Теперь он приезжал в своей «БМВ» по три раза в неделю на дачу господина Лагутина – престижный врач на престижной машине, в солидное место. Приезжал и привозил с собой небольшой чемоданчик со шприцами, ампулами, таблетками, резиновыми лентами, полотенцами, привез даже пару смирительных рубашек.

И перед тем как приняться за священнодействия, за ритуальные обряды, которыми сопровождалось приготовление по одному ему известным рецептам божественного шашлыка, Марский работал в подвале с Даней и Тиграном, убивая в них склонность к побегу хоть и из очень комфортабельной, но тюрьмы, куда они попали вроде бы и по собственному желанию, но ведь желания детей так часто меняются… А Михалыч – человек серьезный, он не может как флюгер на ветру поворачиваться в зависимости от детских прихотей. Он так привык – сказано раз, значит, так и будет, как сказано. И никаких поворотов, никаких «задних ходов» быть не может.

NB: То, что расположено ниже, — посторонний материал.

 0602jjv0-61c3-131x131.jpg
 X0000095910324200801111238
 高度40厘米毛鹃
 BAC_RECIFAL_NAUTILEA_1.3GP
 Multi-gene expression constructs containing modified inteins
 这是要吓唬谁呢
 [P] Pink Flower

Константин Дмитрич был человеком еще сравнительно молодым, сорока пяти лет от роду, красивым и сильным мужчиной. Был он холост, хотя нравился женщинам. И они ему нравились, причем сразу все, он ни на одной из них не мог остановиться и ни с одной не желал оставаться подолгу… Благосостояние его за полтора месяца дружбы с Михалычем выросло несоизмеримо с тем медленно ползущим процессом накопления капитала, который происходил у него до этой счастливой встречи и такой удачной работы.

Все было бы хорошо у Марского, если бы не напился он однажды сверх всякой меры, до полной потери ориентации и не выпал из окна собственной квартиры, с седьмого этажа, и не упал бы на козырек парадной, забрызгав кровью и какой-то гадкой слизью мамашу с коляской, совершавшую вечерний моцион по асфальтовой дорожке вокруг дома… Сослуживцы на похоронах и поминках тихо удивлялись, говоря друг другу, что, вот, мол, и на старуху, дескать, бывает проруха: не пил, не пил, и в голову никому прийти не могло, что Костя, такой всегда трезвый и заботящийся о своем здоровье, может так разгуляться, так ужраться…

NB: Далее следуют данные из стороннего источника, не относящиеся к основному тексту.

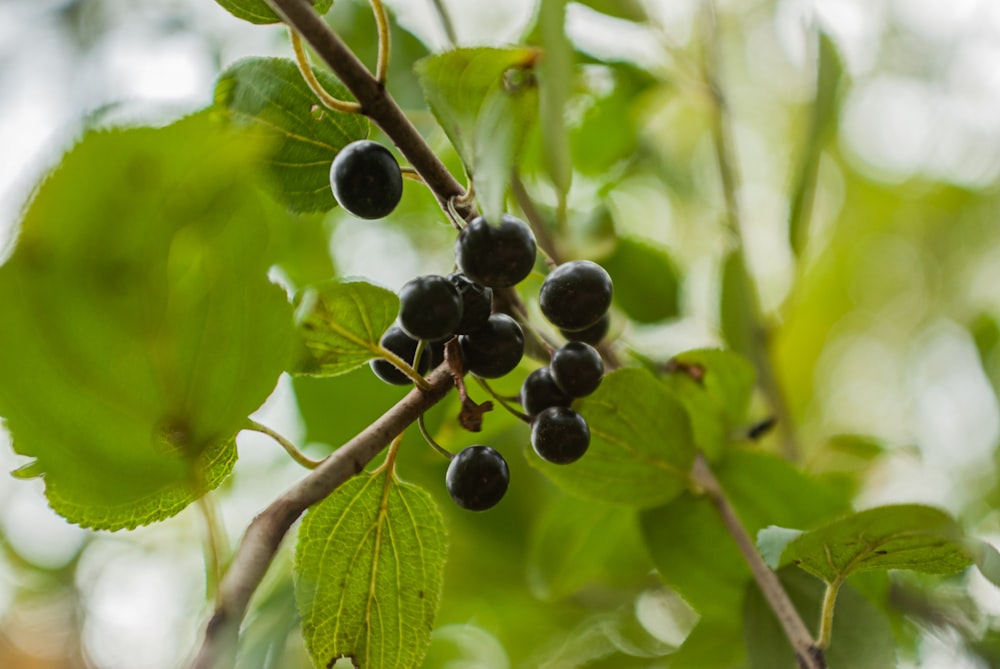 green round fruit in close up photography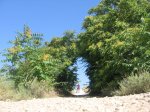 IMG_0068.JPG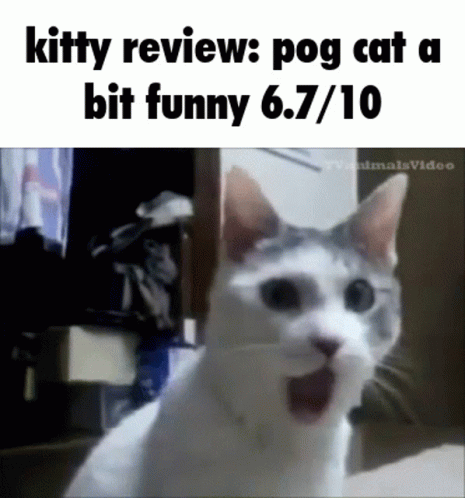Kitty Review GIF - Kitty Review Kitty Review GIFs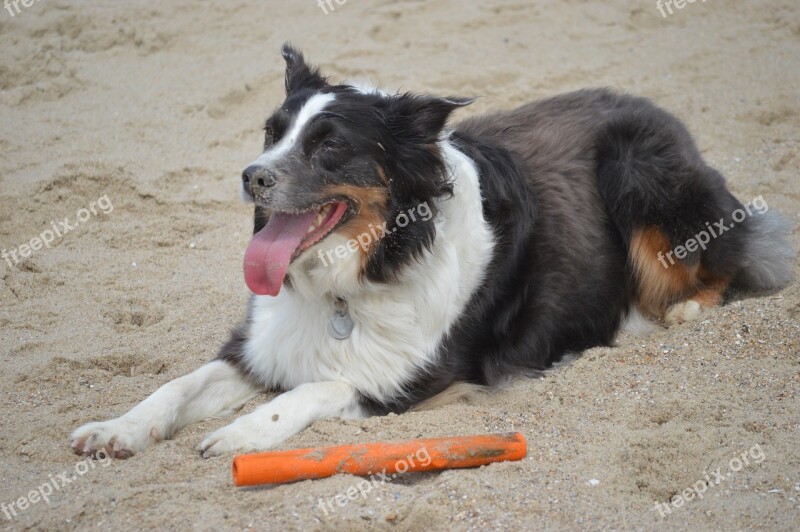 Australia Shepherd Bitch Beach Sand Thoroughbred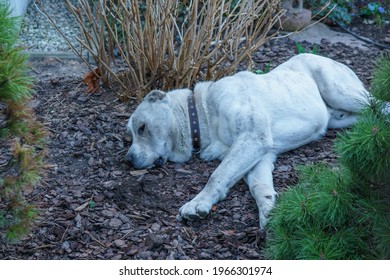 Witte schattige hond slaapt op de grond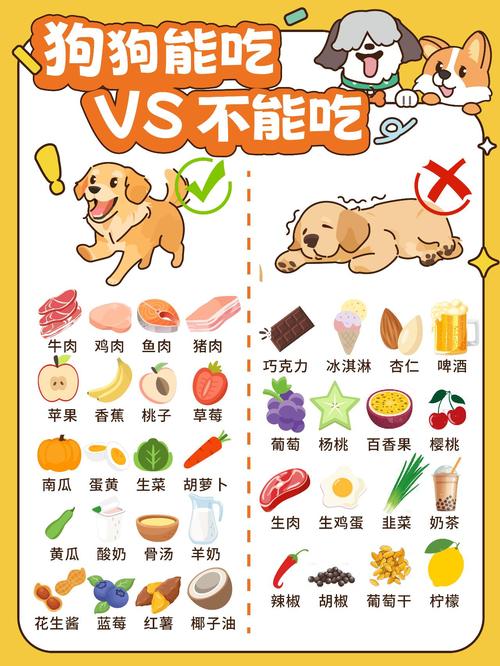 狗狗能吃冷的吗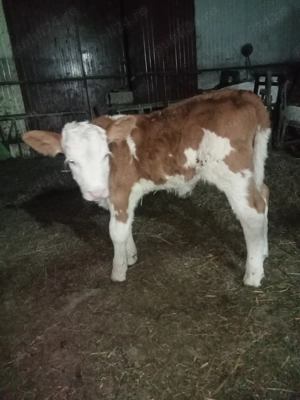 Vând trei  viței  - imagine 3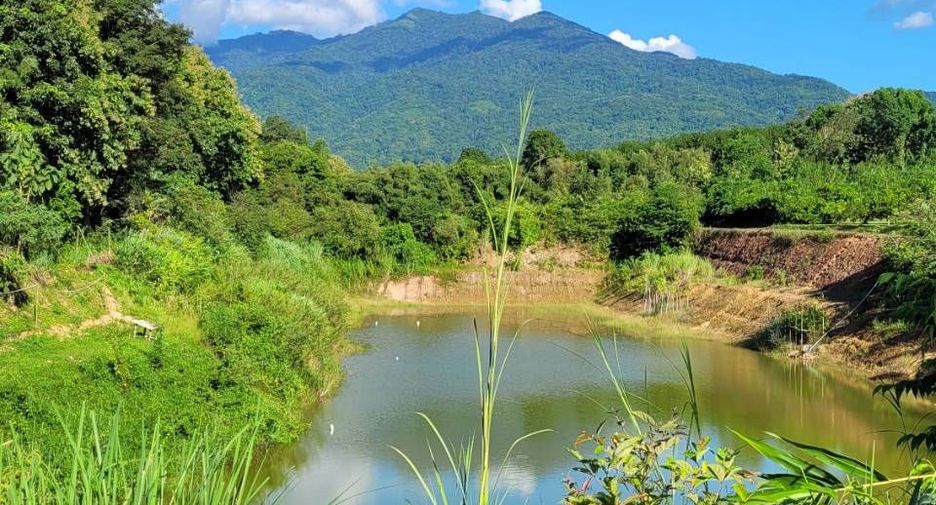 For sale land in Tha Wang Pha, Nan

А Михалыч в день смерти Марского сидел в подвале и смотрел на ребят, вяло и без удовольствия кушающих шашлык, приготовленный доктором. Сегодня Марский сделал им последнюю серию уколов, сказав, что теперь только таблетки – три раза в день, и все. Что в ближайшее время они никуда не убегут. Лежать будут. Выполнил Марский свою работу и теперь должен молчать. Слишком уж деликатное дело было… Вот и замолчал господин доктор, надежно замолчал, навсегда.

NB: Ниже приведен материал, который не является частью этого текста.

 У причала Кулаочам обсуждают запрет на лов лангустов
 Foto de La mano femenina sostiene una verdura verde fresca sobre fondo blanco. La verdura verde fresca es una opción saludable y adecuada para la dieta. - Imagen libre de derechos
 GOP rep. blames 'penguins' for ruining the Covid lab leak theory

А ребята продолжали некоторое время оставаться расслабленными и вялыми. Спали, когда просыпались, хотели есть. Михалыч приставил к ним Слепого – на самом-то деле он был зрячий, но стрелял зато так, что в полной темноте по слуху мог легко уложить противника. За это и кличку получил. Слепой от дел отошел, годы сказывались, они с Михалычем ведь почти ровесниками были. Слепой и занимался пацанами, жизни их учил, истории всякие рассказывал, благо в его жизни было что вспомнить. Много интересного видел Слепой на своем веку, и не только видел, а и сам принимал участие в таких операциях, о которых даже в детективных книжках не пишут, фантазии не хватает придумать. Опять же стрельба в темноте… Заинтриговал, короче говоря, постепенно приходивших в себя пацанов, что и требовалось. И стал их потихоньку кроме, что называется, чисто житейской мудрости обучать стрельбе из легкого огнестрельного оружия… Что и требовалось Михалычу, ради чего вся эта история и затевалась.